PORTLAND, Ore.—Freescale Semiconductor Inc. claims to be the first chip maker to offer quad-core processors for high-end consumer electronic devices, including recording/playback of 3D video, augmented reality, mobile gaming and driver-information systems. The company's new i.MX6 series offers three price/performance levels with one-, two- and four-core models, allowing original equipment manufacturers to design once, but deploy many models.
"We are the only processor manufacturer who has a multi-core platform available in three flavors, one-, two- or four-cores," said Glen Burchers, Freescale's marketing director for the consumer segment. "By offering single-, dual- and quad-core processors, OEMs can do the software one time and spin out three different products at the good, better and best segmentation levels."

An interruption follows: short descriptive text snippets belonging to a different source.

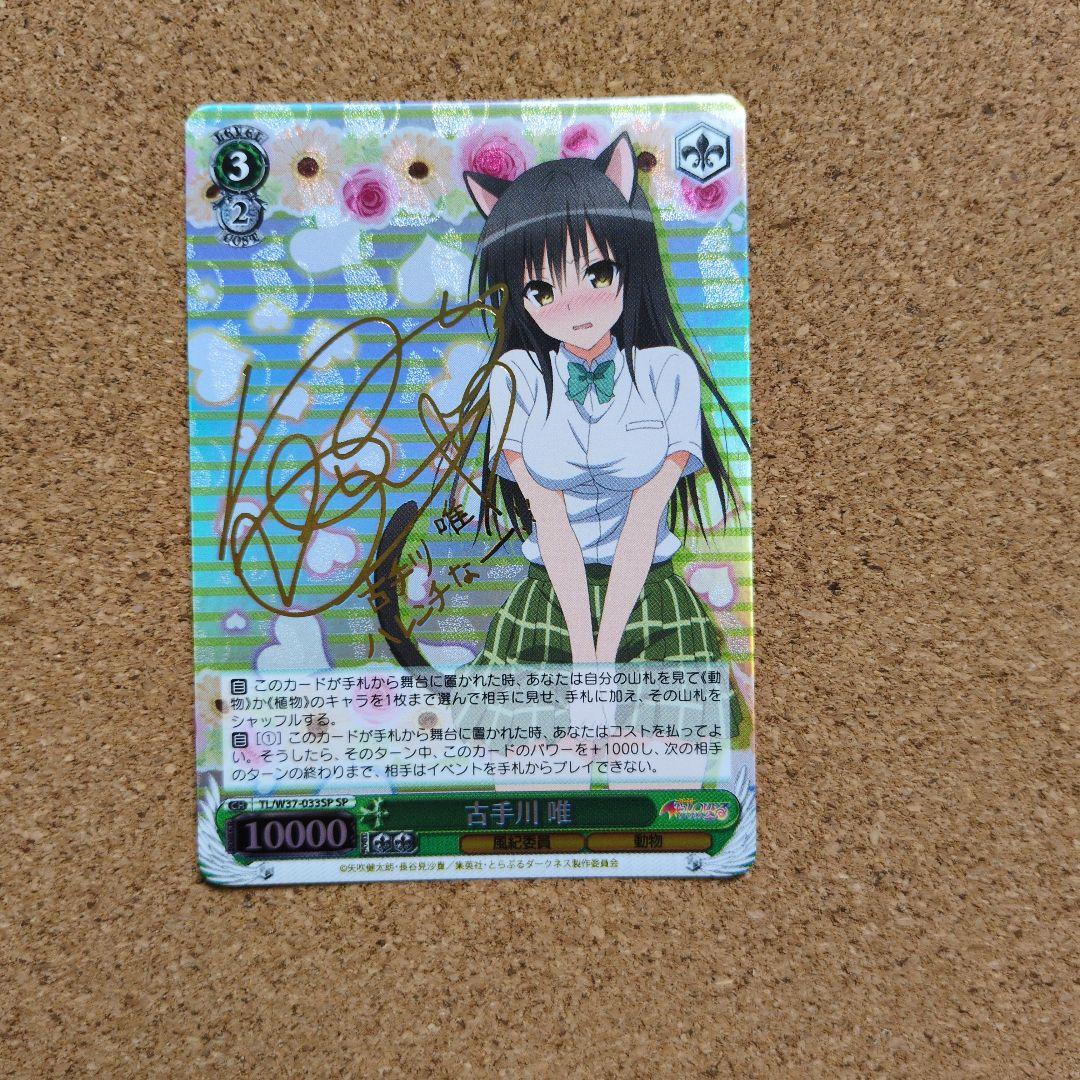 Weiss Schwarz Weiss Schwarz Signed Card - Kotegawa Yui — Japanese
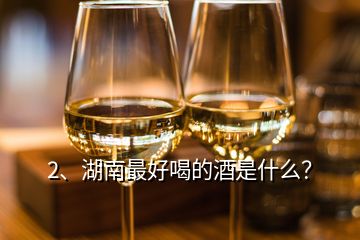 2、湖南最好喝的酒是什么？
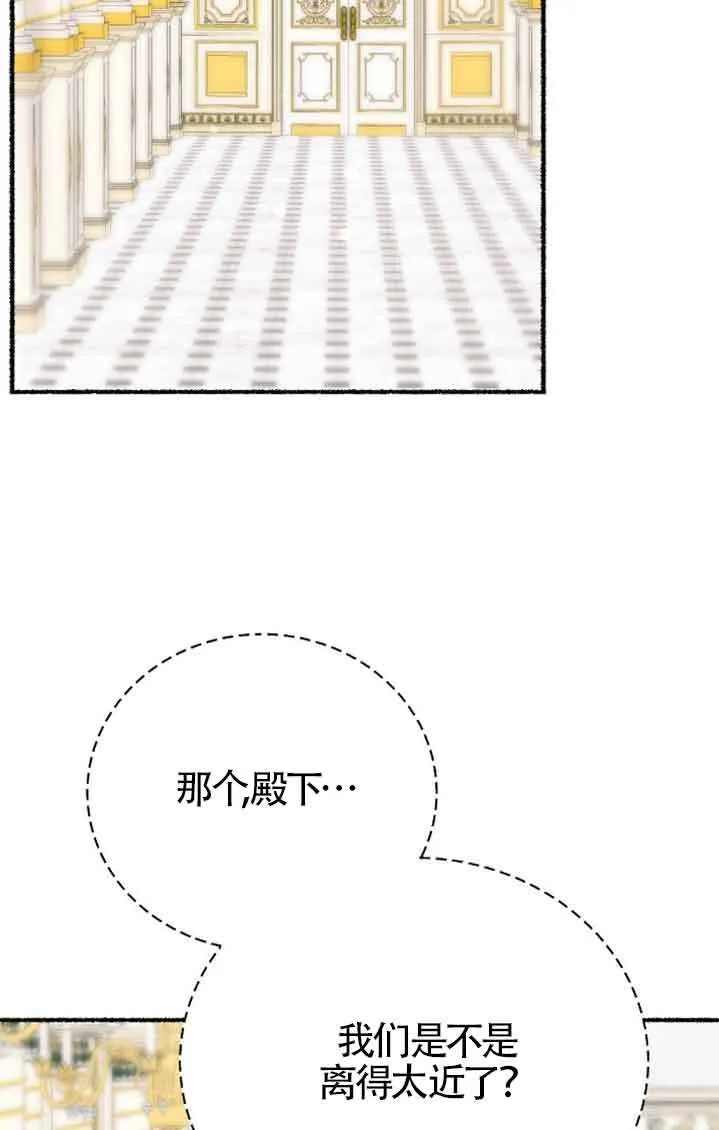 第38话 第28页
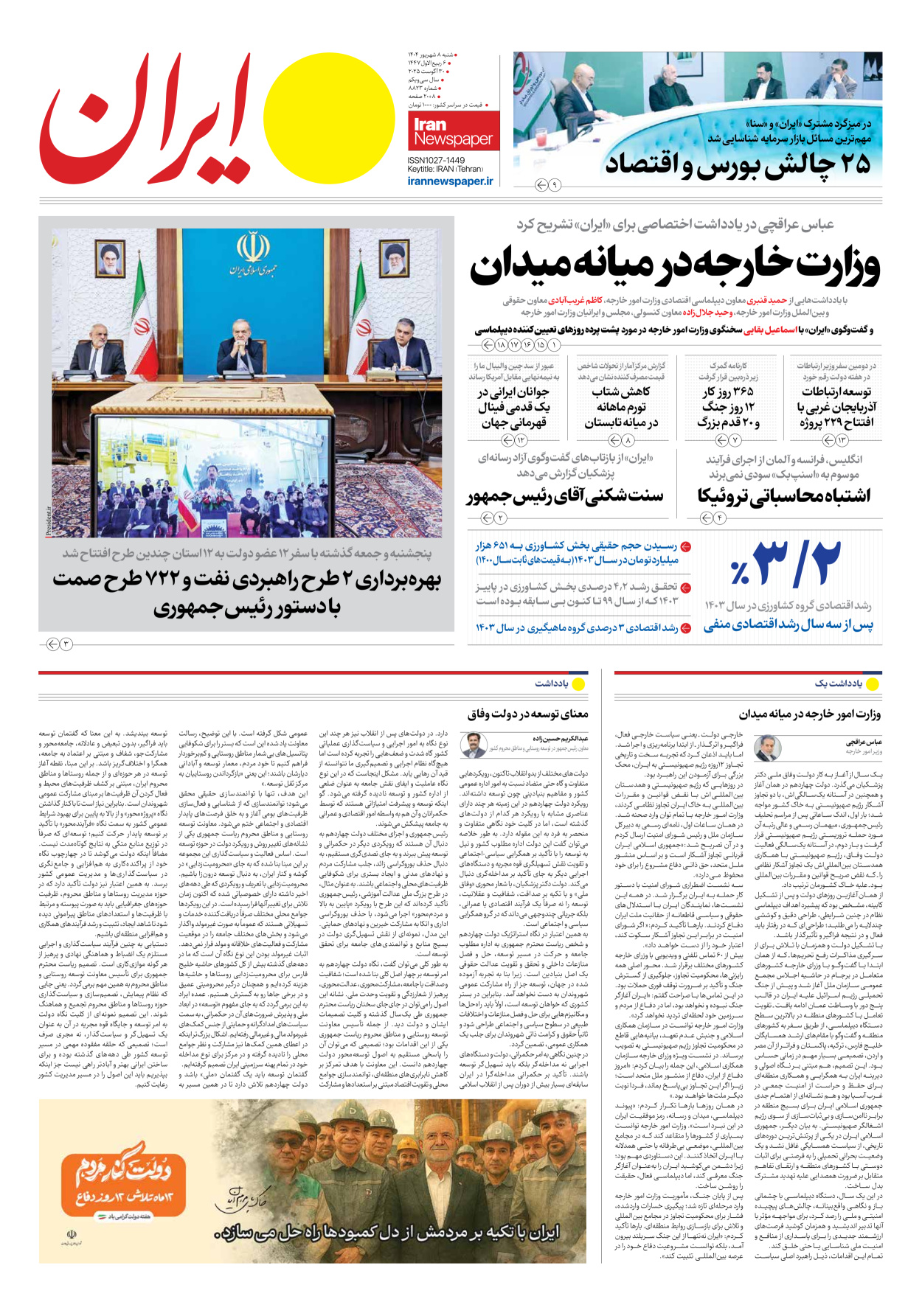  - شماره هشت هزار و هشتصد و بیست و سه - ۰۸ شهریور ۱۴۰۴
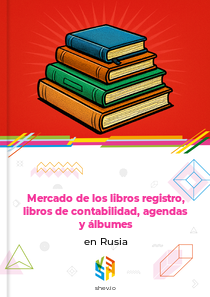 Mercado de los libros registro, libros de contabilidad, agendas y álbumes en Rusia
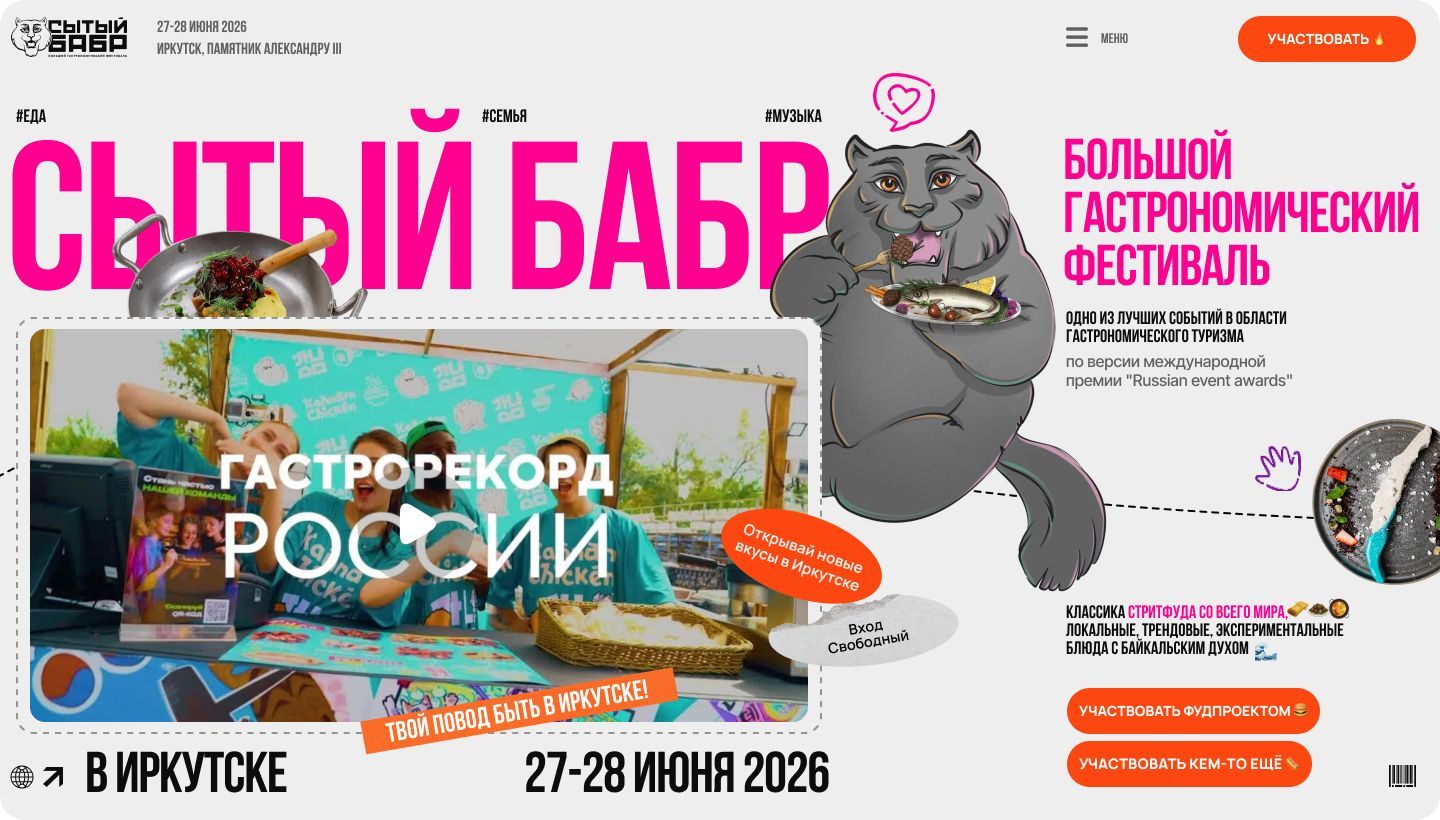 Гастрофестиваль в Иркутске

Freescale is already targeting e-readers, shipments of which were projected to top 11.5 million units in 2010 and rise to 35 million by 2014 according to In-Stat LLC (Scottsdale, Ariz.). Touchscreen tablets, according to In-Stat, will likewise rise from 13.7 million units in 2010 to over 58 million in 2014. Freescale claims its new i.MX6 offers these OEMs a five-fold speedup over its current generation of i.MX processors that already power the lion's share of the e-reader and touchscreen-tablet markets.
"Freescale processors now power 11 Android-based shipping tablets and we will be showing a total of 23 tablets at CES," said Burchers. "And that is in addition to our leadership in e-readers, where we supply the processors for the first, third and fourth most popular e-readers—the only one we are not in is the Barnes and Noble [Nook]," said Burchers.
The i.MX6 dual and quad versions also include three separate graphics cores—a 3-D core, a 2-D core and a bit-blip engine to off-load the 3-D graphics core for gaming apps. Both high-end processors can handle simultaneous playback and recording of 1080p stereoscopic 3-D video, as well as the tactical overlays required for augmented reality apps. Complex augmented reality apps can dedicate one core to location calculations, one to processing live video and a third to overlaying the tactical information on the live video feed.
All i.MX6 models use the latest ARM Cortex-A9 cores running at over 1GHz using a system-on-chip platform with common software and development tool compatibility, integrated power management, integrated I/O and pin compatibility within previous i.MX processors. Freescale claims that the ultra-low-power of its i.MX6 will allow mobile consumer electronic devices to extend their battery power for up to 24 hours of HD video playback or 30-plus days of standby power.